Justin and Jiang Yongchun (Right)
"I am going to visit Ningbo Museum for the 88th time before leaving the city." Pipe organ performer Justin Berg is currently working as instructor of English for Academic Purposes at the University of Nottingham Ningbo China (UNNC), where he is also a PhD student in Applied Linguistics.
With his assistance, a 1908 pipe organ was transported from the United States to Ningbo in 2018. A few days later, he finally finished its assembly to allow beautiful music to flow from his fingertips. His story was made into a documentary shot as Opus 839 by Ningbo local Xiaoxing (Adele) Han. This production won the Silver Award in the Non-Broadcast, General-Documentary: Individual of the 42nd Telly Awards.
"Whenever I am in difficulties, I go to the Ningbo Museum to relax." Recently, a journalist of the Ningbo Evening News joined Justin’s 88th tour of Ningbo Museum.
Justin is from Michigan, USA. He has been playing the pipe organ since childhood, earning undergraduate and postgraduate degrees in Pipe Organ Performance and Music History respectively. He learned about Ningbo 13 years ago from a Ninghai (a county in Ningbo) student, who described the city as a fantastic place to work and live in. Thus, his interest in Ningbo was aroused, and he began looking for work here. Soon after, he left for Ningbo.

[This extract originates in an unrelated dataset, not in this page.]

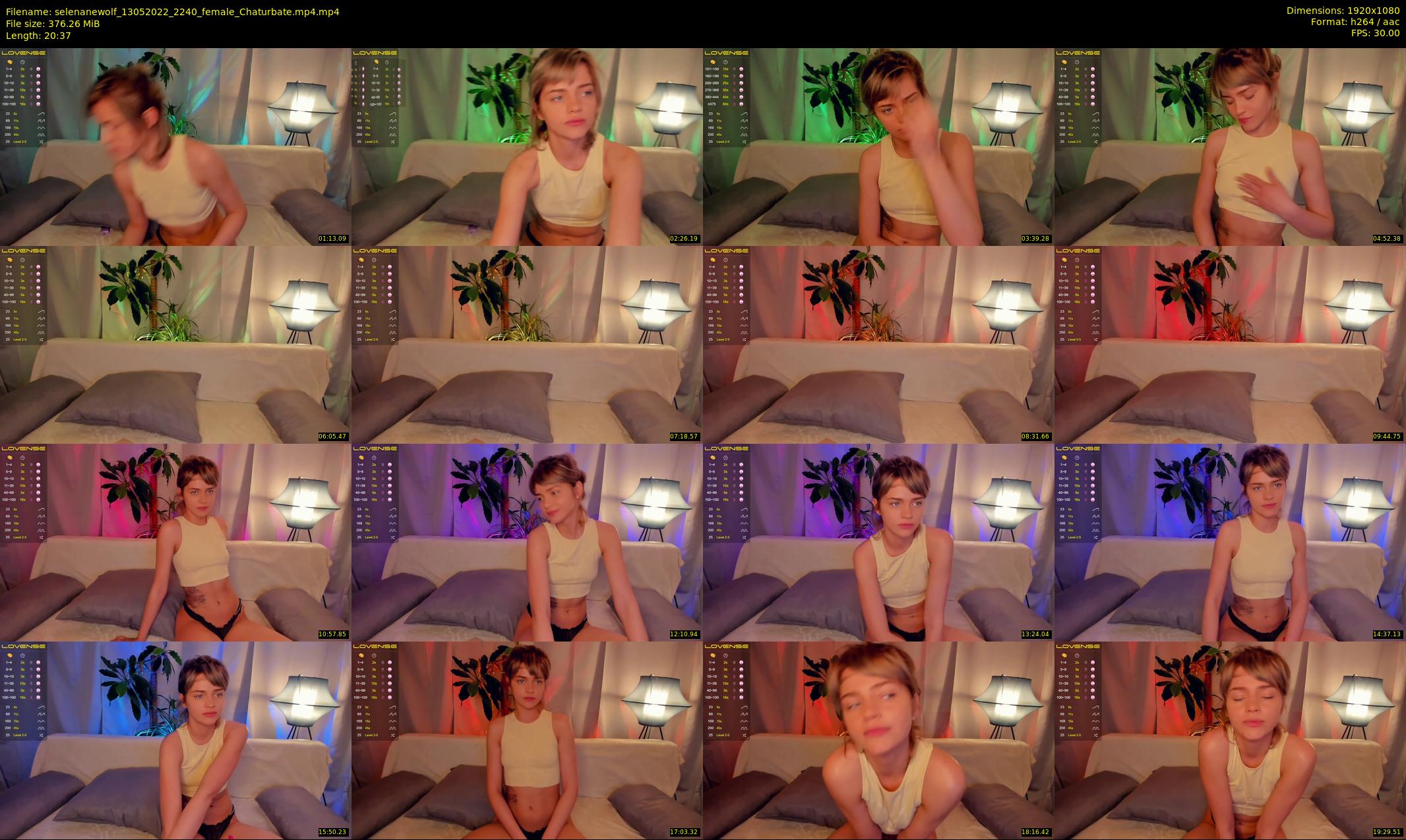 selenanewolf — 21 minute Chaturbate couple cam show recording, 1080p, May 13, 2022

After working as a music teacher at Ningbo Xiaoshi High School for four years and then at Ningbo Lihuili High School for a short time, Justin took up working at UNNC, where he applied for a doctorate. Due to recent job changes, he is about to leave for the United States and will not return soon.
"My favorite artifact is exhibited in Ningbo Museum." Justin was referring to an eight-edged pot (Yue celadon ware) from the Tang Dynasty (618-907) in the demonstration hall on the second floor. With the rotation of those collections, the original one was temporarily stored in the warehouse and replaced by a photo card. "There’s another one over there, but it's smaller." Justin pointed out another pot in the side showcase.
"I was fascinated by the Tang Dynasty and its cultural relics before coming to China. I have visited museums in Xi'an and got impressed by their gold and silver artifacts. However, I still prefer this celadon pot, particularly with its color and shape." Justin said in Chinese.
"I am also into a bowl from the Yuan Dynasty (1271-1368)." That's an imitated Jun-glazed bowl, Tiedian Ware, discovered at Ningbo's Yongfengku site. There are restoration marks on the bowl, but its color is warm and soft.
"I adore this architecture designed by the renowned architect Wang Shu, who combined Chinese traditional elements with modern features." Strolling down Ningbo Museum makes Justin feel at home.
Because of his frequent visits, Justin became a good friend with Jiang Yongchun, security guard of the exhibition hall on the third floor. "My Chinese name is Jiang Shiting. We share the same last name."
After getting acquainted with each other, Jiang invited Justin to his hometown in Jiangshan Town, Yinzhou District of Ningbo, treating him to Ningbo Cuisine. "He loves traditional Ningbo food, like seafood, stinky tofu, and pickled wax gourd." Jiang told the journalist. He was sad to hear that Justin was leaving. "He might come back in two to three years. I hope he will come to visit the Museum again once back in Ningbo," Jiang said.